BEGIN Exercise inputs
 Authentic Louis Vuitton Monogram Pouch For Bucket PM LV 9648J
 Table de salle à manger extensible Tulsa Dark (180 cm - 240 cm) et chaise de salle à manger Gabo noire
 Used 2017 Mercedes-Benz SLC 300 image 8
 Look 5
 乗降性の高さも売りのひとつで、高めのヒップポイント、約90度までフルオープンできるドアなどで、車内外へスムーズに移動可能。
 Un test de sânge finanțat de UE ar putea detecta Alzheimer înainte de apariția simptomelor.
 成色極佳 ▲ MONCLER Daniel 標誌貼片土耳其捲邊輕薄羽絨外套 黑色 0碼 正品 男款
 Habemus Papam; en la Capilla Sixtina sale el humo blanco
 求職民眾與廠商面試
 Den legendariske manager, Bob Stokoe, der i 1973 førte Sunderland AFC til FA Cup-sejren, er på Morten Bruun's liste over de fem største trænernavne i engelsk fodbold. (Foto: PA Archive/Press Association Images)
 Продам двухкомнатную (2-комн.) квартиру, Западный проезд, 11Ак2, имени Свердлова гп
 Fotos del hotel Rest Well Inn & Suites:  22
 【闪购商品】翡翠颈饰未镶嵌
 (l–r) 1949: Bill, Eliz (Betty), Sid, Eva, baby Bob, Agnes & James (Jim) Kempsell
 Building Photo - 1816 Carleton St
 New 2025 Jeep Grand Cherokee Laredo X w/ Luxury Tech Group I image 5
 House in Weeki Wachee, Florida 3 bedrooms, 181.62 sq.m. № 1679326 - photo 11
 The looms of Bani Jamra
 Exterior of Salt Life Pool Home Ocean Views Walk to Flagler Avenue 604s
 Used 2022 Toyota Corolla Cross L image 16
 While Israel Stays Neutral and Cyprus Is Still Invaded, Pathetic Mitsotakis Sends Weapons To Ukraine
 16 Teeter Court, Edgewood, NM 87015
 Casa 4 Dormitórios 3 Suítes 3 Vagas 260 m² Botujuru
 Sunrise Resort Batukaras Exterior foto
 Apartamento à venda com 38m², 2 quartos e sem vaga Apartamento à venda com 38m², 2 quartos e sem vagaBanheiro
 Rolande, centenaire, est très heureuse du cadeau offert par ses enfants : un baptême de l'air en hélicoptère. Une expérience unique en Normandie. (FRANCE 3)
END Exercise inputs
Your instructions: Return verbatim each line from the one that mentions "(l–r) 1949: Bill, Eliz" to the end of the entries, inclusive.

Written response:
 (l–r) 1949: Bill, Eliz (Betty), Sid, Eva, baby Bob, Agnes & James (Jim) Kempsell
 Building Photo - 1816 Carleton St
 New 2025 Jeep Grand Cherokee Laredo X w/ Luxury Tech Group I image 5
 House in Weeki Wachee, Florida 3 bedrooms, 181.62 sq.m. № 1679326 - photo 11
 The looms of Bani Jamra
 Exterior of Salt Life Pool Home Ocean Views Walk to Flagler Avenue 604s
 Used 2022 Toyota Corolla Cross L image 16
 While Israel Stays Neutral and Cyprus Is Still Invaded, Pathetic Mitsotakis Sends Weapons To Ukraine
 16 Teeter Court, Edgewood, NM 87015
 Casa 4 Dormitórios 3 Suítes 3 Vagas 260 m² Botujuru
 Sunrise Resort Batukaras Exterior foto
 Apartamento à venda com 38m², 2 quartos e sem vaga Apartamento à venda com 38m², 2 quartos e sem vagaBanheiro
 Rolande, centenaire, est très heureuse du cadeau offert par ses enfants : un baptême de l'air en hélicoptère. Une expérience unique en Normandie. (FRANCE 3)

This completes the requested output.